ATL Apartment First-timers Guide 101
ATL Apartment First-timers Guide 101
The amount of people moving to Atlanta has increased in recent years. In turn, the price of housing has gone up significantly, especially in more gentrified areas like Buckhead and Midtown.
I moved to Atlanta in August 2020 and started looking for apartments by the end of October. I had the impression that you pay rent for an apartment–and that’s it.
Boy was I wrong.
While I was applying for apartments, I learned a lot of things that came as a surprise to me. As an independent 21-year-old woman living alone, I thought to create a guide that’d help other young people like myself.
This guide is specific to Atlanta, so if you are a newcomer or are in the market for an apartment, I hope this helps.
Where to Live and What to Consider
When moving to a new city, it’s important to look up the areas that you possibly want to live in. Things you’ll want to consider include the noise, crime rate and the walkability score.

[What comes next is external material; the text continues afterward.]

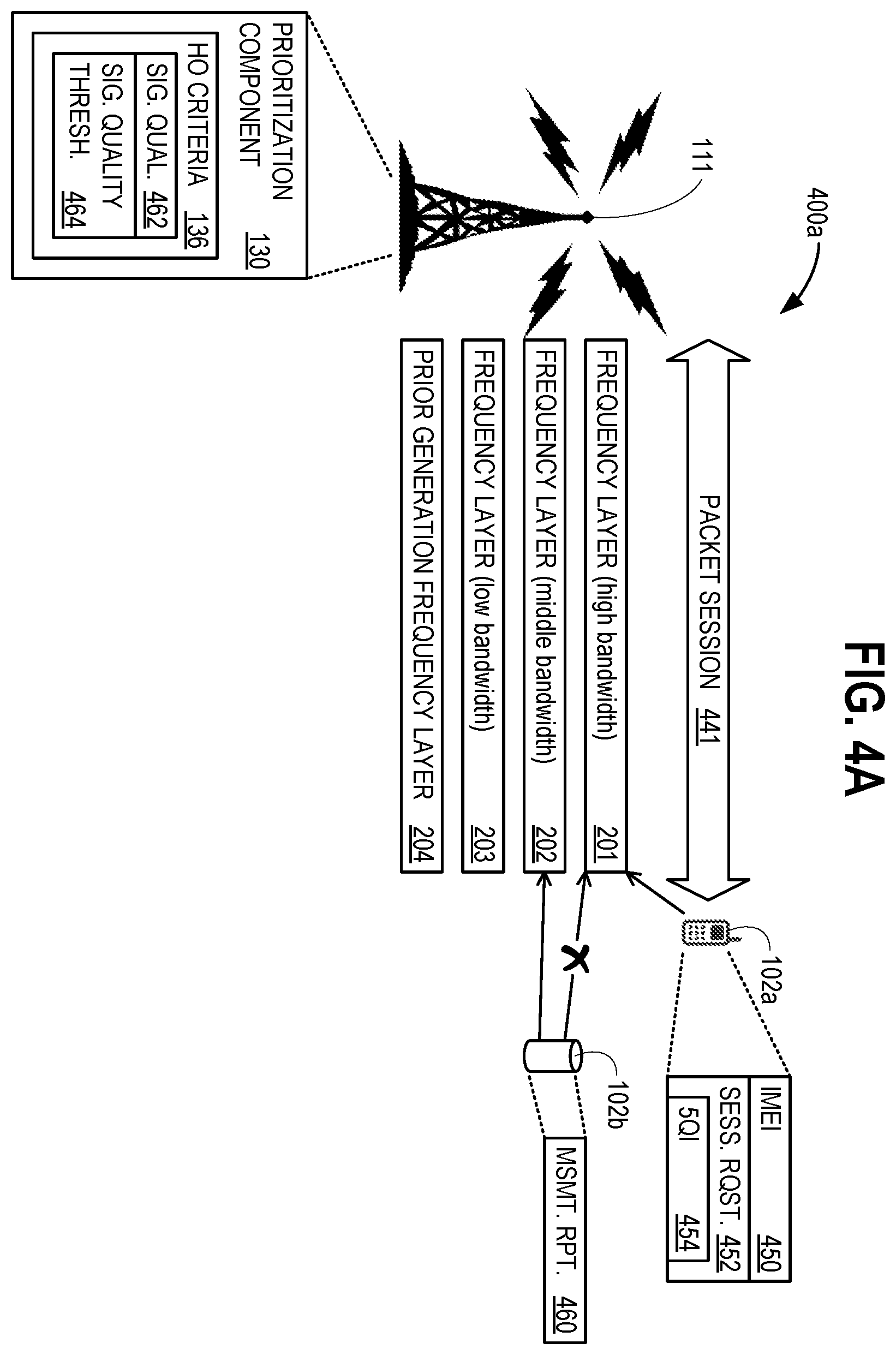 Patent US12581365 Figure 4 – Network load balancing based on device type or history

I started the process by doing a simple Google search of, “good areas to live in Atlanta.” The search yielded many results. I clicked on this link that shows you the top eight places to live in Atlanta. Keep in mind that these places are more on the expensive side since they are in the city and it’s gentrified.
Next, I visited this website. I was able to view the crime rate, nosiness and other features of the area I mentioned above. I found that because there’s more traffic and people closer to downtown Atlanta, crime rates were a little higher compared to the outskirts of the city.
Rent is one of the biggest things you should be looking into. Most apartments in Atlanta will determine your eligibility to live there based on if your income is at least three times the rent.
For example, if the rent for the place you’re researching is $1,200, you’d have to make at least $3,600 a month. Like crime rates, rent is higher in areas closer to downtown than on the outskirts of Atlanta.
To look for specific apartment complexes, their pricings and other features, explore this website.
Expenses to Think About Other than Rent
While rent is paramount, you also have to think about utility payments. The main utility costs for an apartment include water, power and trash services.
If you’re a local student living in either an on-campus or off- campus housing complex, the landlord will pay your utilities while you worry about the rent. If you are not a student, you will be looking at separate utility bills. There are some apartments out there that include utilities; however, the rent will be more on the expensive side since the utilities are included.
Your utility bills will not be the same every month. It will depend on how much of each you use. For my apartment, my water bill ranges from $30 to $60 while my power bill ranges from $70 to $100 per month. My landlord pays for the trash services [thankfully].
Another thing to consider is whether you will be living alone or with roommates.
When living alone, you will be paying everything yourself, so you have to budget accordingly.
Living with roommates is easier because you all split the bills, which relieves the financial burden aspect. BUT, be cautious to only live with people you trust and can rely on, because if your roomie or roomies can’t make payments, you may have to cover their costs depending on the lease agreement y’all sign. Be sure to also make that both you and your roommates sign the lease, not just yourself.
What You Need to Apply
Now that you have picked the place you want to apply to, you’ll need a few things before you can do the paperwork:
- License, ID card or passport/visa
- Social Security Card
- Application fee (can range from $30-$100 depending on the apartment)
- A W2, two recent paystubs or an employment letter from your job to verify income
- Optional: A recommendation letter from a previous apartment complex (depends on the apartment)
The Application/Approval Process
Once you have all of your documents in order, the next step is the application. The application will be done in-person or online based on the apartment complex you choose.
For this part of the process, you will be filling out documents asking for your basic information like name, address, email, etc. There will also be documents asking about your employment history for the past six months to a year. Lastly, you will need to fill out a form that requires you to include your asset information. Assets include any checking or savings accounts, bonds, car ownership and any real estate.
Make sure to fill out these forms completely, or else the approval process will be slowed down.
Now your application is ready to go through the approval process. The apartment complex will run a credit check to see if they can trust you to make rent payments. Once it comes back good, your application will be forwarded to the compliance department.
Compliance will be checking your application to ensure you have filled everything out accurately. They will also do the employment verification by contacting your employers. Finally, they will contact your old apartment complex (if you previously lived at one) to see if you made payments on time and make sure you were a compliant resident.
After compliance has marked your application as good, you are now ready to sign the lease.
Most apartment complexes will have you come in to sign the lease before or on your move-in date. These legal documents will explain and solidify how much your rent will be, how it can be paid, any late fees and what date they will occur on.
Before you sign any leasing agreement, look over it thoroughly. I also recommend that you have a lawyer look over the terms so you are not entering something that’s unfair or you can’t get out of. Landlords and corporations including apartment complexes like to make money at the end of the day. If you don’t have a lawyer on hand, you can have a family member or trusted friend with knowledge about contracts look at it.
The leasing contract will also include information about the amenities your apartment has and how you can use them, contact information, and different forms to protect you and your leasor.
Once you have viewed and signed everything, you are ready to move in!